That's fair. I was trying to be a little tongue-in-cheek and make a joke about the forum itself, but that's fair either way. :)
 
In my view, levitation is just one of many anomalous experiences in which the known laws of nature are opportunistically observed or violated, according to the needs and psychological disposition of the experient.

Doug

I know I harp on this notion a lot (so apologies in advance!) but an alternative might be that the final causes of the physical world are shifted from their usual behavior. So rather than some Platonic law being broken, think of it more as usual habits (as Sheldrake would say) being persuaded to change.

In fact, if one is trying to do anything Psi related (including magick) I wonder if it helps to just forget about this notion of usually immutable laws. Gonna ask Gordan White about that...
 
I know I keep on saying this, but I think the key is never to let yourself be 100% convinced one way or the other. I think that is where the religions go wrong - once you start to believe 100%, you start to distort the evidence as needed to keep that (phoney) certainty.

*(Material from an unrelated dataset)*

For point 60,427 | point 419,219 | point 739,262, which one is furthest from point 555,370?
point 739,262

I agree, but this is hardly specific to religions. There are many people here (Alex included), who seem to hold that psi is 100% proven and not really open for debate anymore, and that to continue debating the point is to be "stuck on stupid". This is the biggest failing of Skeptiko, in my opinion. The debate is not over just because Alex says it is, and says that anyone who doesn't agree is stupid or silly. That said, it's his platform, so clearly the debate is over on Skeptiko. The 100% certainty angle has basically neutered this forum and chased virtually every dissenting opinion away. What remains is a shell of what was here before the debate was declared over.

I don't think that is really what Alex is saying, and I know it is not what I am saying. The idea behind biological robots, is that from a wholly materialist viewpoint, we are just very complicated but essentially deterministic (or maybe partially random) structures.

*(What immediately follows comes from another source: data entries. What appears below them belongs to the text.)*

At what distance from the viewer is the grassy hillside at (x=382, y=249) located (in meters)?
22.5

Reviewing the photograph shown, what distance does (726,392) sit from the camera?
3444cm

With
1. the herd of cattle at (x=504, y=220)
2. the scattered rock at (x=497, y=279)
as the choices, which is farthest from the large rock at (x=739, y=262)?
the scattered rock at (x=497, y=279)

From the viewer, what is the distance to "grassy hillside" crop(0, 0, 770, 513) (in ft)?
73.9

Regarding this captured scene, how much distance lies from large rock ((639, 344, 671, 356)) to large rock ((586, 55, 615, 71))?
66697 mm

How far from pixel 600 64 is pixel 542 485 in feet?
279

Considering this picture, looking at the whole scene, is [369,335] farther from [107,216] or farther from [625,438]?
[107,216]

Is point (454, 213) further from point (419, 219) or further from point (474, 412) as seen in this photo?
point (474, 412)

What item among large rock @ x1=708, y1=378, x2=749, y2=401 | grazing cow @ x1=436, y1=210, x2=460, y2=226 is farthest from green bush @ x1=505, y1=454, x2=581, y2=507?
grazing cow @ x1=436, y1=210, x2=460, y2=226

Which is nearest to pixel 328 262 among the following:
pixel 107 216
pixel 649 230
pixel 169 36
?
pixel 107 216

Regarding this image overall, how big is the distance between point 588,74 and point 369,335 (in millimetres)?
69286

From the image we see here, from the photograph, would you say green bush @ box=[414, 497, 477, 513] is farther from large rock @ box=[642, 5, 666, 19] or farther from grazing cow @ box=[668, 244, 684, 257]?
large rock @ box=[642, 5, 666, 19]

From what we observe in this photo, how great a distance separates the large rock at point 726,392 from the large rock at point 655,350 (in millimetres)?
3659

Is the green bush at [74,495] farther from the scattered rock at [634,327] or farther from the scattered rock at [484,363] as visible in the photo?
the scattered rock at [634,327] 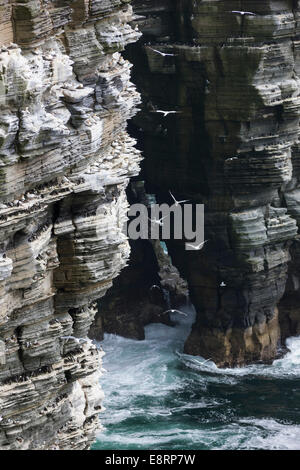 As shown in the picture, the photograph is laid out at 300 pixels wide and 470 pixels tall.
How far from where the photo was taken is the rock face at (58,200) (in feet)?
156

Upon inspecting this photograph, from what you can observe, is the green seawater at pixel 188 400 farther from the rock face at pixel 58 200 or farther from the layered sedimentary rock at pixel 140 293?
the rock face at pixel 58 200

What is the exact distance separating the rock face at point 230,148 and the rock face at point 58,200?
19.4 metres

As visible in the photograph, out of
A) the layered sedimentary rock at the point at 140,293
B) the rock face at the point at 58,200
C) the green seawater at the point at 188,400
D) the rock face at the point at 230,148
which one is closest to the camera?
the rock face at the point at 58,200

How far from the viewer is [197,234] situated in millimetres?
81812

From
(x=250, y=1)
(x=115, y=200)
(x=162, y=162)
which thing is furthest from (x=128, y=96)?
(x=162, y=162)

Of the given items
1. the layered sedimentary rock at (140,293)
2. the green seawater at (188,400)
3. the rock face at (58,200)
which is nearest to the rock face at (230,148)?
the green seawater at (188,400)

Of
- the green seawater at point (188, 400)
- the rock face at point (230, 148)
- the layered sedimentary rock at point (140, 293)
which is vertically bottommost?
the green seawater at point (188, 400)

Who is taking a wholly materialist viewpoint, other than people who want to characterize the viewpoints of their critics? Are there really lots of scientists out there who will say "We have it all figured out, and it's just materialism and there is no room for any other explanation. Case 100% closed."? Exactly who are these pure materialists? And if they do not exist in a 100%, wholly materialist framework, then why characterize them that way?

Don't forget that if - say - the ganzfeld work has impressed you, that should make you more susceptible to the other evidence relating to consciousness, because pure materialism predicts no such effects - not even if you are floating in a bath of warm water with ping pong balls over your eyes!

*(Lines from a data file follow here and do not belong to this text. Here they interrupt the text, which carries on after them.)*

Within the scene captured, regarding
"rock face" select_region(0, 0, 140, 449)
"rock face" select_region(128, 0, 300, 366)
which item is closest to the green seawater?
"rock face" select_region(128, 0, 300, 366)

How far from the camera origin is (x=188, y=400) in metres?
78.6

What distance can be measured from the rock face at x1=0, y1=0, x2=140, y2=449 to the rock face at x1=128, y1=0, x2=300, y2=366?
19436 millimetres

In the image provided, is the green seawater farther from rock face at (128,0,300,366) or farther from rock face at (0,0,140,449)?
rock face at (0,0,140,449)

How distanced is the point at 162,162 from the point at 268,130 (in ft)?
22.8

Again, who exactly is asserting pure materialism? Certainly not I. And if pure materialists do exist, what do these pure materialists say about dark matter, or dark energy, or the two-slit experiment, or entanglement, or the big bang, or what exactly matter is, or any number of other things that are not explained perfectly by pure materialism? Of course there are people who subscribe to materialist ideas, and take those ideas too far, but I think lumping them all in together as "pure materialists" is an insecure way to make an argument. Why not deal with the argument in front of you (that perhaps psi is not real and is simply an artifact of personal narrative and data collection), rather than create a label to dismiss the criticism (pure materialist, those who are stuck on stupid, etc)?

I'd like to ask you - do you you feel confident that everything you see in magic circles is done by orthodox means, or do you think some genuine psychics infiltrate magic because they can make a reputation for themselves by doing things by that seem impossible?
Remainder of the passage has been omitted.